Na przestrzeni ostatnich kilkunastu lat Rzecznik Finansowy (wcześniej jako Rzecznik Ubezpieczonych) wielokrotnie korzystał z tej kompetencji, w rezultacie czego SN podejmował często uchwały pomyślne dla poszkodowanych.
Rzecznik Finansowy we wniosku przytoczył szereg orzeczeń sądów powszechnych, które zawierają dwie zasadnicze linie orzecznicze:
1. poszkodowanemu należy się odszkodowanie za konieczną pomoc świadczoną nieodpłatnie przez osoby trzecie (w tym członków rodziny),
2. poszkodowanemu należy się odszkodowanie za konieczną pomoc, o ile poniósł za nią faktyczny koszt / poszkodowanemu należy się odszkodowanie za konieczną pomoc osoby bliskiej, jeżeli ta osoba musiała zrezygnować z tego powodu (w całości lub części) z własnej pracy zawodowej.

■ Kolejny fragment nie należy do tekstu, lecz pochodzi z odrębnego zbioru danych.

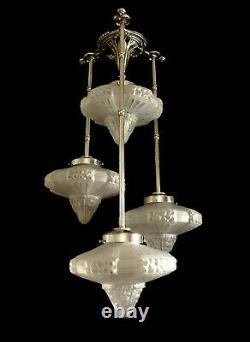 Lustre Or Suspension Art Deco In Nickeled Bronze And Glass Globes Pressed 1930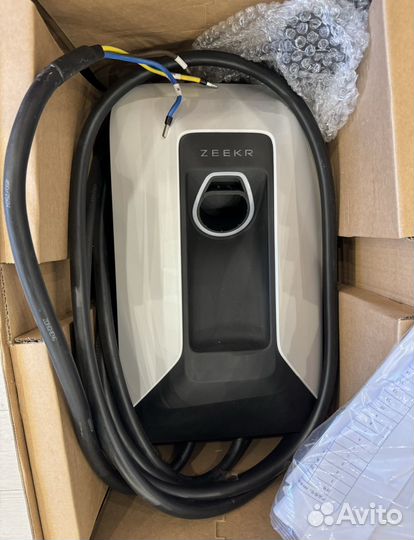 Зарядная станция zeekr 7кВт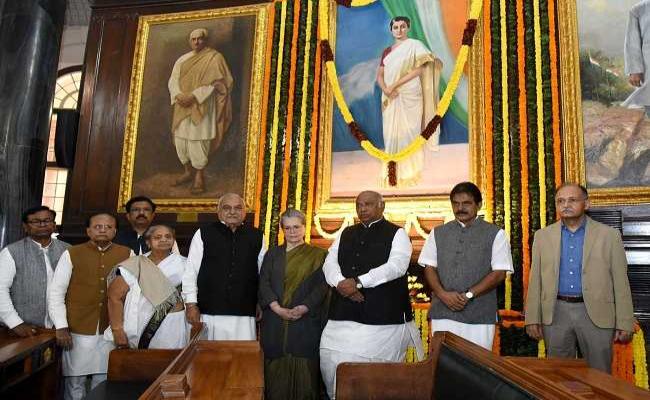 संसद सदस्यों ने इंदिरा गांधी को पुष्पांजलि अर्पित की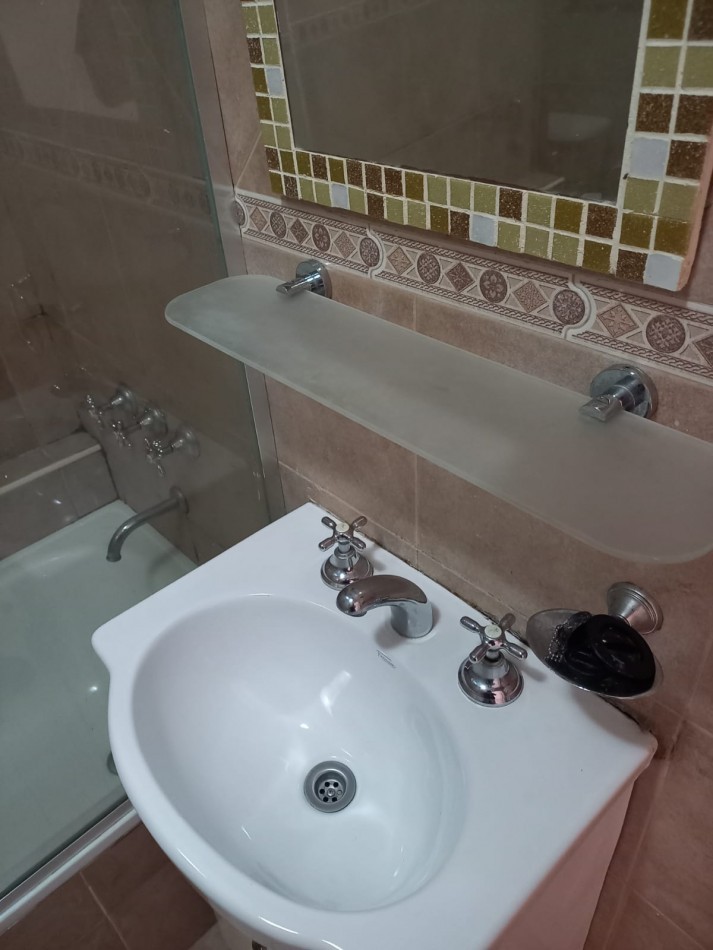 PH 2 AMBIENTES  PARQUE CHACABUCO  - MUY LUMINOSO - BAJAS EXPENSAS. OPORTUNIDAD!!!! RESERVADA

Rzecznik Finansowy we wniosku zwrócił uwagę na kilka istotnych aspektów przemawiających za przyjęciem wykładni, że poszkodowanemu należy się odszkodowanie za pomoc osób bliskich, nawet jeżeli faktycznie nie poniósł tego kosztu, m. in.:
– poszkodowani często nie dysponują środkami finansowymi, aby móc skorzystać z odpłatnej pomocy ze strony osób spoza rodziny,
– istnieje analogia do szkody na mieniu, której wyrządzenie kreuje roszczenie o jej naprawienie już w chwili zdarzenia szkodowego, niezależnie od tego czy poszkodowany poniósł wydatki zmierzające do naprawienia tej szkody,
– osoby bliskie świadczą pomoc kosztem własnego czasu, a pomoc często jest wymagająca, jest obciążeniem fizycznym , a nawet również psychicznym.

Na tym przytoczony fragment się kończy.